** Opening Given information block **

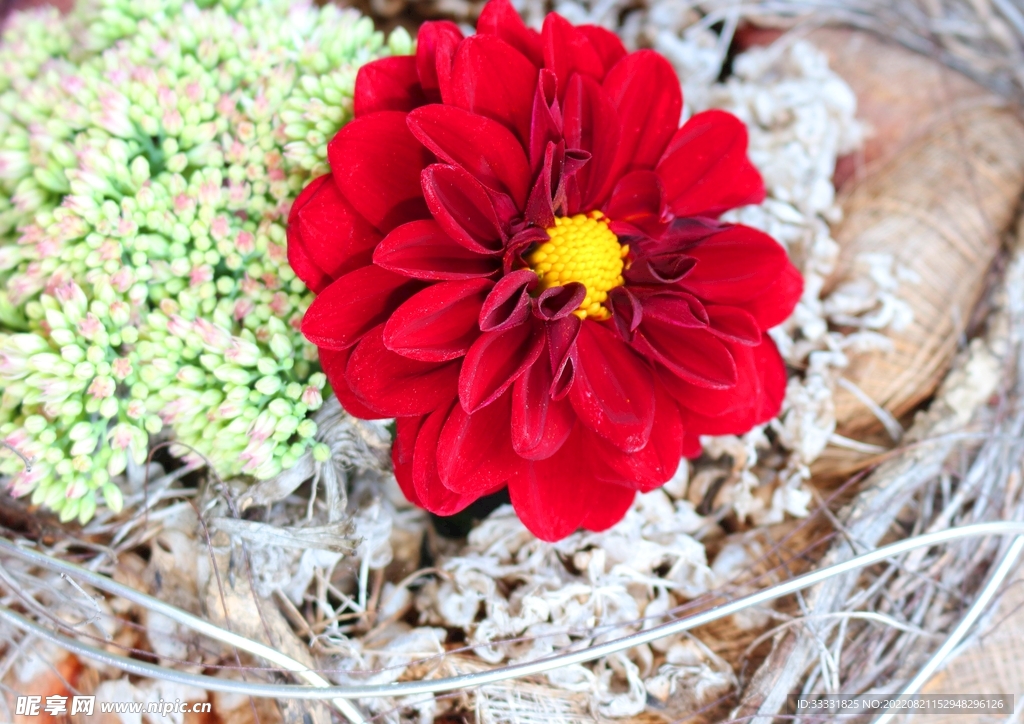 大丽花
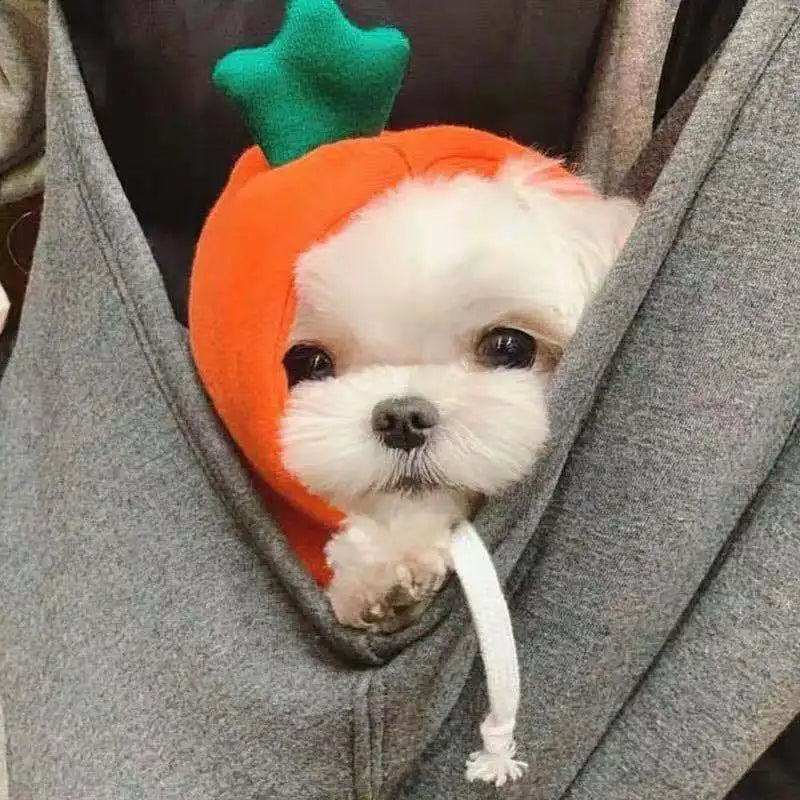 Cute Fruit Dog Clothes Reindeer Small Dogs Hoodies Warm Pet Clothing Puppy Cat Costume Coat Chihuahua Mouse Cheese Jacket Suit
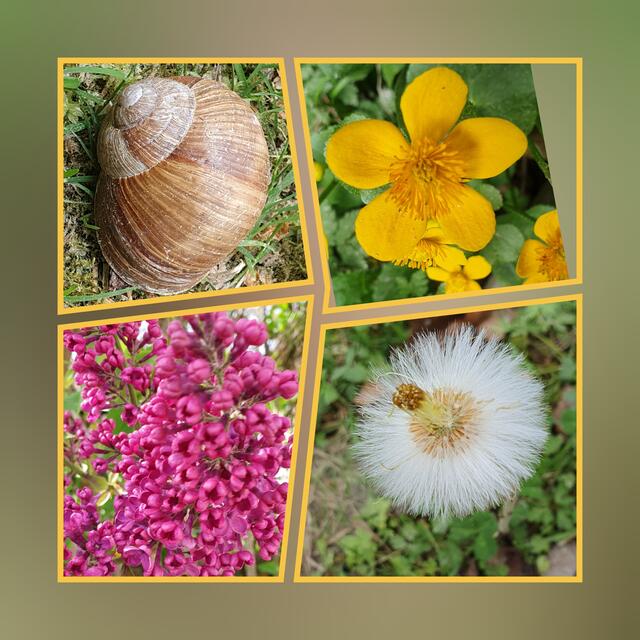 Foto: privat Sibylle Tröber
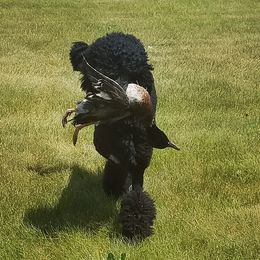 Poodles from Misfire Kennel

** Closing Given information block **

The whole listing is to be written out exactly; the pictures stay out of the copy.

 大丽花
 Cute Fruit Dog Clothes Reindeer Small Dogs Hoodies Warm Pet Clothing Puppy Cat Costume Coat Chihuahua Mouse Cheese Jacket Suit
 Foto: privat Sibylle Tröber
 Poodles from Misfire Kennel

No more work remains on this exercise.